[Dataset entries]
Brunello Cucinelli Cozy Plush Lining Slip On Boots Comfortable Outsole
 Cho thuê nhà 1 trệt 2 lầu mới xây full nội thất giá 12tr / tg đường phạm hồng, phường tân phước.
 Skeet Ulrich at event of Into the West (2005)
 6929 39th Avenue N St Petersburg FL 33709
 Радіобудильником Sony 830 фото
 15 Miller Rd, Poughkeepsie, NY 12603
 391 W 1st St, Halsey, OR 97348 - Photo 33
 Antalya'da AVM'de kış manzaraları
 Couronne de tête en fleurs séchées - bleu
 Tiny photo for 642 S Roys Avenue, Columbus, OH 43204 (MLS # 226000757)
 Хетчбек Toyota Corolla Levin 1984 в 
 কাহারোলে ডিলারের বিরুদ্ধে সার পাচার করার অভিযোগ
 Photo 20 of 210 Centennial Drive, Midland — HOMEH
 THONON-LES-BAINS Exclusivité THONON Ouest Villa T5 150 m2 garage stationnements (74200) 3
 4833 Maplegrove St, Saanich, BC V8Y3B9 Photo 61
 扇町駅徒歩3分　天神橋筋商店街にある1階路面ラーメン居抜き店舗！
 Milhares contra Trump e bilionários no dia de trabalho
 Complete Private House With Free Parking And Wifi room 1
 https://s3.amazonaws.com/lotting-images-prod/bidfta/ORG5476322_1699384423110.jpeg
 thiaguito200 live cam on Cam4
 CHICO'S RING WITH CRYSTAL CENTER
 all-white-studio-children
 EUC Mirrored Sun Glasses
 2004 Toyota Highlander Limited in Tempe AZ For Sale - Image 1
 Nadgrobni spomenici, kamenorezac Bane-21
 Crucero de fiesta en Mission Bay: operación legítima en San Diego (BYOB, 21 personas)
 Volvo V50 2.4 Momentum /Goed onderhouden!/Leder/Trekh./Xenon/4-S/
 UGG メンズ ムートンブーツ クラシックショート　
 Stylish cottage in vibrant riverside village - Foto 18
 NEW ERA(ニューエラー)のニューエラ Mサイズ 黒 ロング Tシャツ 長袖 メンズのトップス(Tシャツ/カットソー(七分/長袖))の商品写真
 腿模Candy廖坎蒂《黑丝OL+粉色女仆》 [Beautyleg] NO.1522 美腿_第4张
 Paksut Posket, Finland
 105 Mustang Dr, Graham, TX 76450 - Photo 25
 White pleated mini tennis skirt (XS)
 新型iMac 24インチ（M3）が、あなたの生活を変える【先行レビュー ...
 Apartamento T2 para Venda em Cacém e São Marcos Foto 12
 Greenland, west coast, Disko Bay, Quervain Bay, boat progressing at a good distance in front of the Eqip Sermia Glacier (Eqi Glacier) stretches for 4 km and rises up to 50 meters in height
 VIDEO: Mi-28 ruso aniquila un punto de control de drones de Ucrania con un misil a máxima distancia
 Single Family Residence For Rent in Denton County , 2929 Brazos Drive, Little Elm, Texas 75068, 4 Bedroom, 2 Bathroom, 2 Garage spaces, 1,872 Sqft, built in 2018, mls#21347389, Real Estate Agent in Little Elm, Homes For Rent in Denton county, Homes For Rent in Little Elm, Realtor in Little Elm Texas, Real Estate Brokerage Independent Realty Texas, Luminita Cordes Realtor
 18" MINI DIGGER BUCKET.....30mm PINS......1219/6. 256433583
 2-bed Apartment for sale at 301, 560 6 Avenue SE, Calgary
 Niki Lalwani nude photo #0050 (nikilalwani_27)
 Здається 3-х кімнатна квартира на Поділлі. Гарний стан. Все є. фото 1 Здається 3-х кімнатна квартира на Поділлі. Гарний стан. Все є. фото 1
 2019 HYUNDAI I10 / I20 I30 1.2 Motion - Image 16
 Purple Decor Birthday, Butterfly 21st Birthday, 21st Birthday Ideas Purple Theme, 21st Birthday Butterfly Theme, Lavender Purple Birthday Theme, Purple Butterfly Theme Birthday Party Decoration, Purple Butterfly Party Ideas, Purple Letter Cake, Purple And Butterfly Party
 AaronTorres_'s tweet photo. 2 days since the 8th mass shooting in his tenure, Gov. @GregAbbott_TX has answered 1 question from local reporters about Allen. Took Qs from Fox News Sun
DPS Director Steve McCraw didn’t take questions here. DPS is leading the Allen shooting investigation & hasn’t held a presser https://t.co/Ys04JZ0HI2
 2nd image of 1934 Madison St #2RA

Work to complete :: Look through the records above for the string "Drive", then copy every line that has it.

Answer for the task ::
 Photo 20 of 210 Centennial Drive, Midland — HOMEH
 Single Family Residence For Rent in Denton County , 2929 Brazos Drive, Little Elm, Texas 75068, 4 Bedroom, 2 Bathroom, 2 Garage spaces, 1,872 Sqft, built in 2018, mls#21347389, Real Estate Agent in Little Elm, Homes For Rent in Denton county, Homes For Rent in Little Elm, Realtor in Little Elm Texas, Real Estate Brokerage Independent Realty Texas, Luminita Cordes Realtor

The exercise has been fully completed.